In any case, tables are not nearly as flexible as a true responsive layout.


Yeah a huge part of this too was, for whatever reason, old search engines not being able to index what was inside of tables. I imagine it's not even like that anymore.


I just wanted to say the same :)


> Components are very dumb right now, we need smart components that understand their surroundings beyond the window. Then we will have truly portable components!

This is the iceberg problem. Component based programming has been around since probably the 60's. The easy part is making components. The hard part is making them (and this is the Holy Grail), portable. Pipes and Filters in the Unix OS is a simple example of one form of component development that actually works well.


This is what I feel is missing from web components. Some sort of generic api for components to reason about their immediate environment. Similar to the Unix OS pipes and filter api that means every program understands how to get some information about the context that it is being run in.

It's not difficult to imagine a calendar component that needs to visually display vastly differently depending on how much space it's parent gives it. Currently there is no generic way to solve this.


> It's not difficult to imagine a calendar component that needs to visually display vastly differently depending on how much space it's parent gives it. Currently there is no generic way to solve this.

Maybe I'm being naive here, but isn't this solved really by getting the width of a block level element rendered by the Calendar component?

Yeah it does mean you need to get the width and then render everything else, but it's doable.


I think a lot of these grid systems and layout libraries are overkill, and in turn, make the designs they are being used for, more complicated than they need to be.

Sure, it would be great to have a more component focused tool for FE development, but I think creating separate, fixed-width designs for tablet, phone, and desktop, with containers does the job fairly well. When the designs try to resize components for every use case you get more headache than it's worth.


I think the sole exception to this might be a full-blow library for Material Design since it's the only open standard we have right now, and it's very, very good.


> Responsiveness is not a document level problem, it's a component level problem and each component has it's own concerns.

Responsiveness is both (you build responsive pages/documents, but you can only reuse responsive components) and that's very much the issue: the tooling only supports responsive documents, but not responsive components.


Have you tried EQCSS(http://elementqueries.com/) ?

The concepts looks good, bu I haven't seen anyone recommending it .


It's because element queries are undecidable in the general case. A better approach is a constraint solver, which is how GSS[1] works.
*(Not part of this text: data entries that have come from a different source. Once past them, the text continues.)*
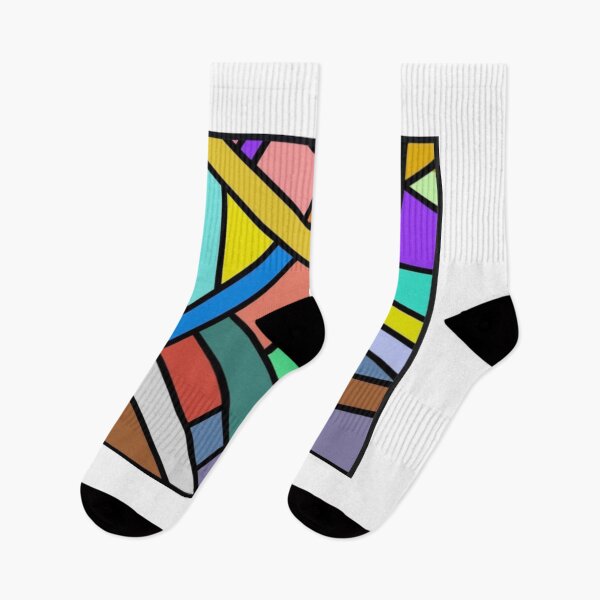 Item preview, Geometric Color Blocks Modern Abstract Line Art designed and sold by Orangeman52.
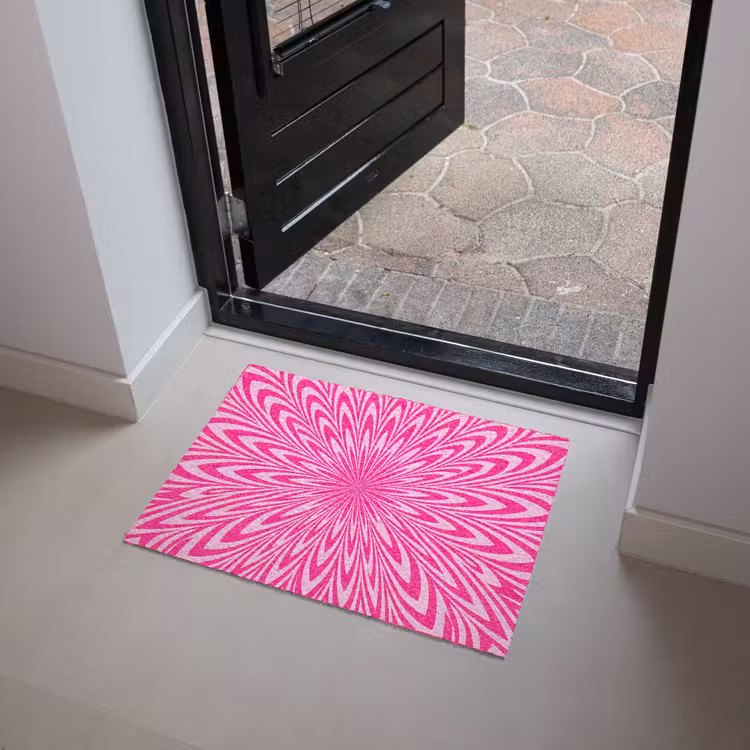 Doormat - Pattern - Optical - Pink — 4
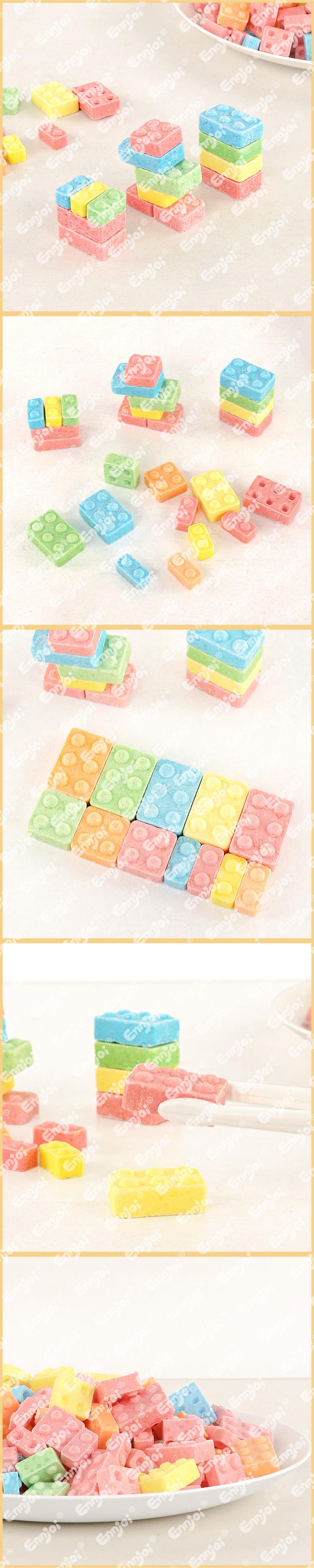Colorful Building Block Shaped Press Candy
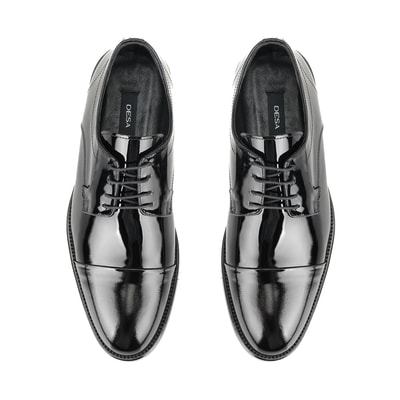 Manch Siyah Erkek Deri Klasik Ayakkabı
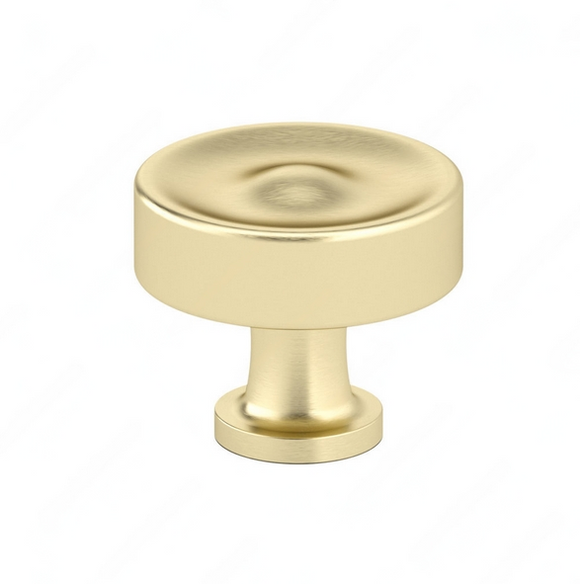 Richelieu BP885535160 Metal Cabinet Mushroom Drawer Knob,Satin Brass (Lot of 20)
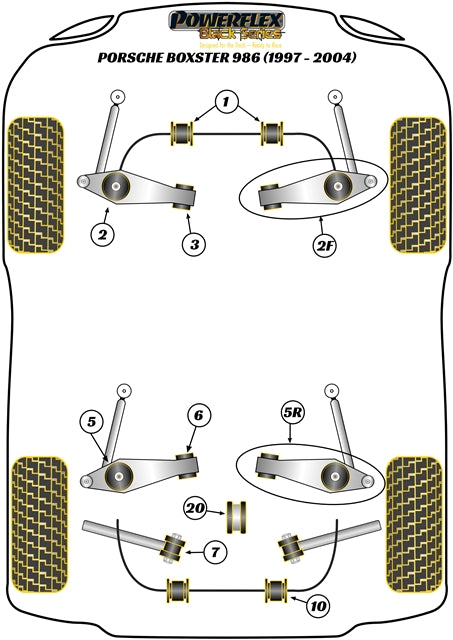 Porsche Track Control Arm & Bush Kit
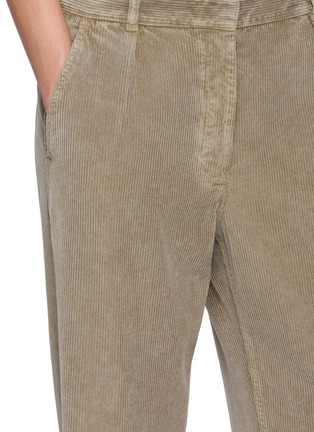  - THE ROW - Adler Pleated Cotton Corduroy Pants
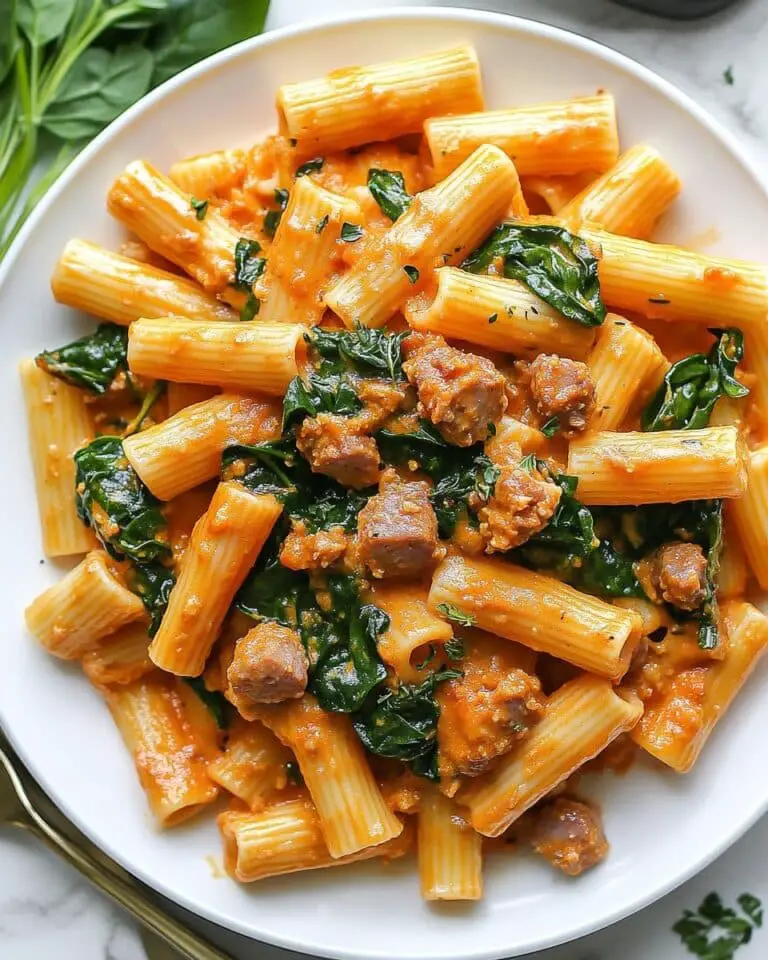 Creamy Sausage Rigatoni (One-Pan, 30-Minute Meal) Recipe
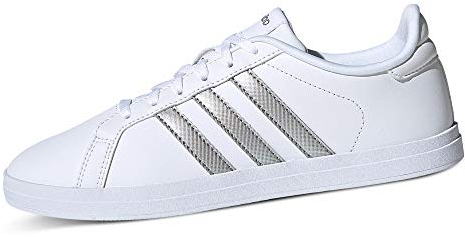 adidas Damen Courtpoint X Shoes Tennisschuhe, Cloud White/Silver Metallic/Granite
[1]: https://gridstylesheets.org/


One of the demos on the EQCSS website is a responsive grid where the breakpoints are based on the grids own width, not the width of the browser. This seems to be what the parent comment was talking about.

Element query grid demo: http://elementqueries.com/demos/element-query-grid.html


Hey rohitkrai03, good on you for creating something that is useful to you and putting it out there for others on the chance it is useful for them too. There are so many approaches to styling web content. I enjoy finding all the projects that get brought up (and beat up) in these threads. CSS is all about figuring out what works for you. Cheers.


Thanks a lot for appreciating my work.


Or, just write the display:flex you need, where you need it, as little as you actually need.. easy as pie unless your deadline was days-ago. This here might save you 10 minutes of manual work, at the expense of further code-base bloat, external-lib-dep accumulation, technical debt. OK fair game for your MVP-landing-page-A/B-split-test-shenanigans, granted.


Besides lack of good cross-browser support until recently, I think there are a few reasons why flexbox is still less popular than float- or margin-based grids:

- Steeper learning curve and less accessible than adding a class like "col-3" or "grid--1/2". The latter is almost self-explanatory.

- Requires an existing or new CSS class to bind the styles to. If it's a new class, you have to figure out a good name (which isn't always easy, naming things is hard).

- Requires editing CSS/Less/Sass, which (depending on your setup) can require waiting for it to compile. The wait time for compiling/bundling HTML is usually negligible.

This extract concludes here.